“Ho bisogno di aiuto.” Nel mezzo del cortile del college di Majicavo, l'infermiera della scuola chiama una brigata della gendarmeria che è venuta a trovarla sabato 21 dicembre. “Temo davvero l’inizio di un’epidemia che non saremo in grado di controllare”spiega Céline Lesburgueres. Dopo il passaggio del ciclone Chido su Mayotte, la struttura è stata trasformata in un centro di accoglienza per 350 residenti precari. Ma le condizioni di vita sono basilari. “Temiamo un’epidemia a causa della mancanza di igiene, insiste l'infermiera. Se il colera ritorna, cosa faremo?”
In tutto l'arcipelago, la minaccia invisibile di un ritorno del colera incombe da quando il ciclone ha distrutto gli sforzi di prevenzione delle autorità. Resta il tragico ricordo dell’epidemia. Pochi mesi prima, in primavera, aveva ucciso cinque persone a Mayotte, tra più di 200 persone infette, secondo l’Agenzia Sanitaria Regionale (ARS).

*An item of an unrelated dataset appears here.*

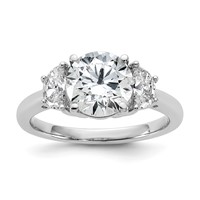 14K White Gold 0.50 Carat Lab Grown Diamond VS SI+ G+ 2 Carat Center Round Semi Mount Three Stone Engagement Ring view 1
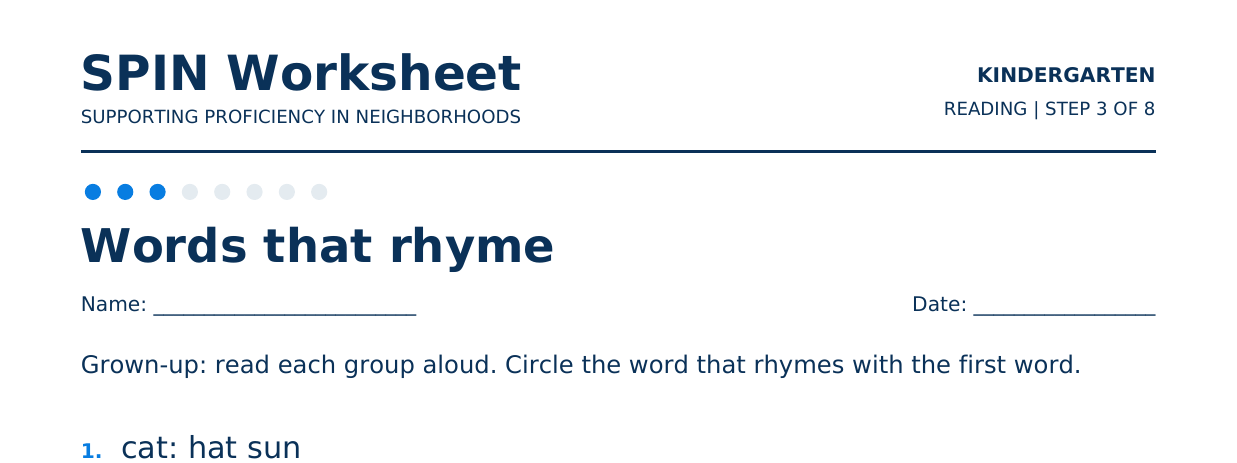 Top of SPIN Worksheet: Words that rhyme, step 3 of 8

Una settimana dopo il disastro, le autorità pubbliche vogliono essere rassicuranti. Non c'è “nessuna allerta epidemica fino ad oggi”scrive l'Unità di crisi interministeriale nel suo ultimo aggiornamento quotidiano sulla situazione. Ma fino a quando? “Certo che è una preoccupazione” specificato Lo annuncia l'ex ministro della Sanità, Geneviève Darrieussecq che lo Stato aveva fatto scorta di dosi di vaccini contro la malattia.
Nelle strade di Mamoudzou il rischio è ben noto ai residenti. “Abbiamo molta paura delle malattie e del colera, poiché non arriva più l’acqua, non possiamo più lavarci”preoccupa una giovane donna delle Comore. Stessa ansia in una sua vicina di casa, che ha già adottato misure preventive. “Ho detto ai miei figli di non andare nel fiume, ma vediamo persone che a volte bevono anche direttamente l'acqua”assicura.
Nei torrenti fangosi che attraversano l'isola, è infatti frequente incontrare residenti, spesso molto giovani, che giocano o cercano di lavarsi mentre la rete di acqua potabile è ancora in gran parte fuori servizio, nonostante gli annunci delle autorità. Una situazione particolarmente critica perché i batteri del colera, presenti nelle feci, come spiega l'Istituto Pasteur, possono contaminare l'acqua e diffondersi a tutta velocità.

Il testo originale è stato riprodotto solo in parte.